I would say the first step to getting better at marketing is to do an audit of the marketing that’s appealed to you. What are your favourite products, goods, services, brands, ideas, stories? List them out! What do you admire? How did you learn about them? What do you like about them? Evaluate your own behavior as a customer. Talk to your friends about what they like, why they like it, what’s helped them, pay attention to all of that. Your own behavior is full of great clues to learn from. Be sure to work backwards from the stuff you’ve actually bought, or otherwise spent real time and energy on.

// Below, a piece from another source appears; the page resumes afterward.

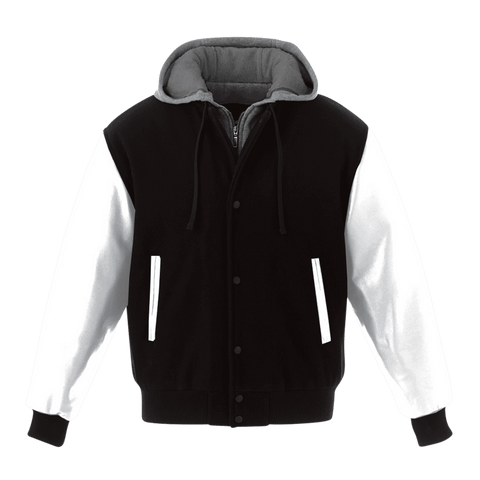 JK544 - Custom Melton and Leather Hooded Varsity Jacket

2. Develop a good understanding of what is good about your work. How does it help people exactly? Who have you helped? How do they talk about it? How do people talk about it with other people? What is the customer/consumer/user behaviour? What are the pain points, frustrations? Here things can get a bit tricky – sometimes the painful thing to come to terms with is that your work might not actually be as good as you think it is.
Now when I say good I don’t mean like, morally good, or aesthetically good, etc. I’m talking about product-market fit, good in the eyes of the people that you want as your customers. Sometimes this process teaches you that you’re working on the wrong problem, or the wrong formulation of the problem. This is where you end up digging into your personal motivations. Why did you do the work that you do? What brought you into it? Who were you hoping to help?

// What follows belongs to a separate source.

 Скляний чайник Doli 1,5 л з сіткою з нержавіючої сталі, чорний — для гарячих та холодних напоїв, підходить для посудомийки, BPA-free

(The tricky-tragic thing about a lot of what goes on in the world is that some people overoptimize for what the market seems to want in the short run, which can make you a lot of money, but might not bring you satisfaction because you compromised on your values, etc. I’m against this, which is why the tagline of this blog is “slow marketing in a growth-crazed world”, and why I recommend playing long games.)
3. Examine your presentation. How are you currently presenting your work to the world? Are you describing it using the language that people naturally use to talk about the problems they have, and how your work addresses it? The most elegant way to reach more users – it’s not perfect, but it’s generally effective – is to delight your existing users, and then use their delight as a beacon to find the others. “I’ll have what she’s having” is a very powerful thing.
As I’ve said elsewhere, often the most valuable work I do as a marketing consultant is to have a lengthy conversation with someone about their work, go through their blog, site, etc and look for stuff that is where the value is – it’s often hiding in some paragraph on the third page or something – and then bring it up front and center. Admission: I haven’t actually done this for my own marketing blog yet. I’ll get to it eventually…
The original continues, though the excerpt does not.